■ WHAT YOU NEED TO DO
Repeat each entry word for word. Leave any images out of the copy.

■ GIVEN INFORMATION

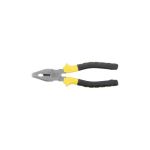 Patent 200mm negru galben universal profesional Cod: 40043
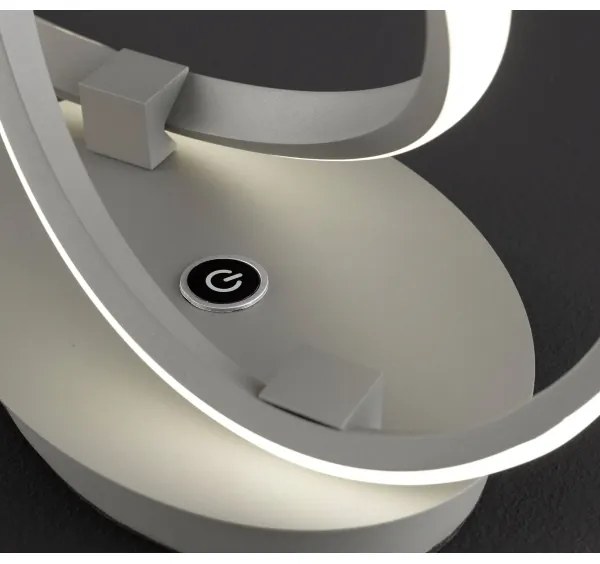 Lampă LED dimabilă de masă INDIGO LED/19W/230V Wofi 8134.01.88.9000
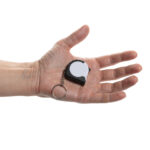 MeasureMate RCS reycled ABS 1 meter tape keychain - Image 15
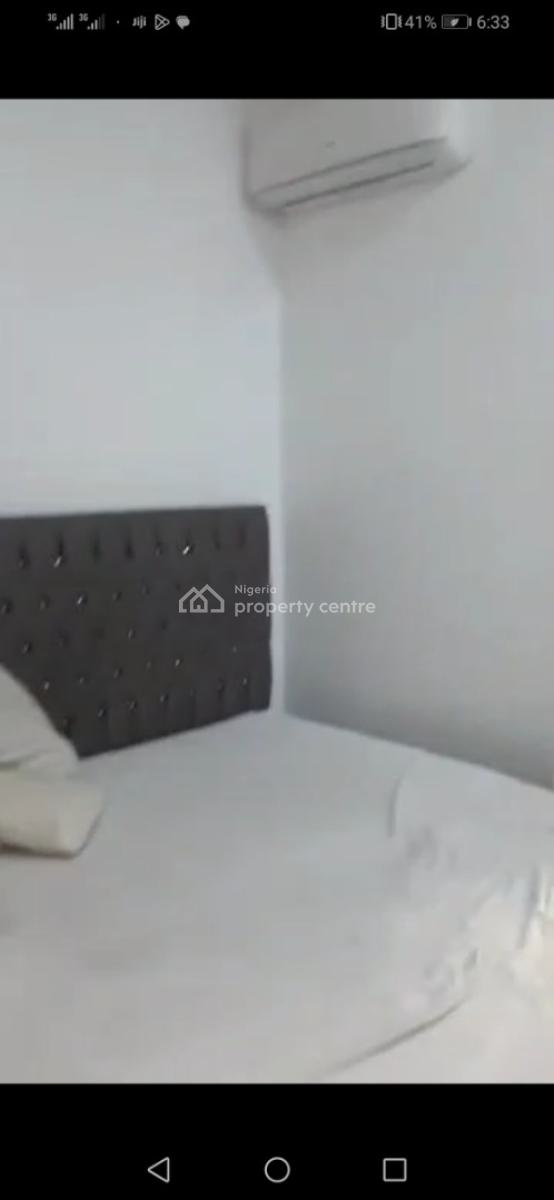 Furnished 1 Bedroom Flat in a Serene and Secured Environment, Jahi By Gilmore, Jahi, Abuja, Mini Flat (room and Parlour) for Rent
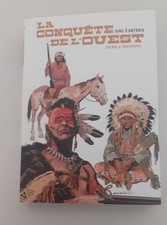 LA CONQUÊTE DE L'OUEST VERS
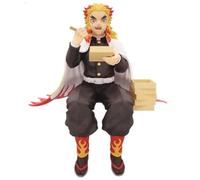 Furyu - Demon Slayer: Kimetsu no Yaiba Noodle Stopper Rengoku Kyojuro 14 cm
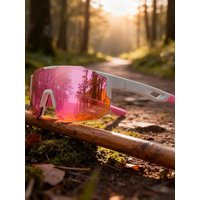 AliExpress NONE 1-3PCS Unisex Oversized Sports Sunglasses UV400 Wraparound Design Colorful Comfort Fit for Cycling Hiking Outdoor Activities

■ SOLUTION TO THIS PROBLEM
 Patent 200mm negru galben universal profesional Cod: 40043
 Lampă LED dimabilă de masă INDIGO LED/19W/230V Wofi 8134.01.88.9000
 MeasureMate RCS reycled ABS 1 meter tape keychain - Image 15
 Furnished 1 Bedroom Flat in a Serene and Secured Environment, Jahi By Gilmore, Jahi, Abuja, Mini Flat (room and Parlour) for Rent
 LA CONQUÊTE DE L'OUEST VERS
 Furyu - Demon Slayer: Kimetsu no Yaiba Noodle Stopper Rengoku Kyojuro 14 cm
 AliExpress NONE 1-3PCS Unisex Oversized Sports Sunglasses UV400 Wraparound Design Colorful Comfort Fit for Cycling Hiking Outdoor Activities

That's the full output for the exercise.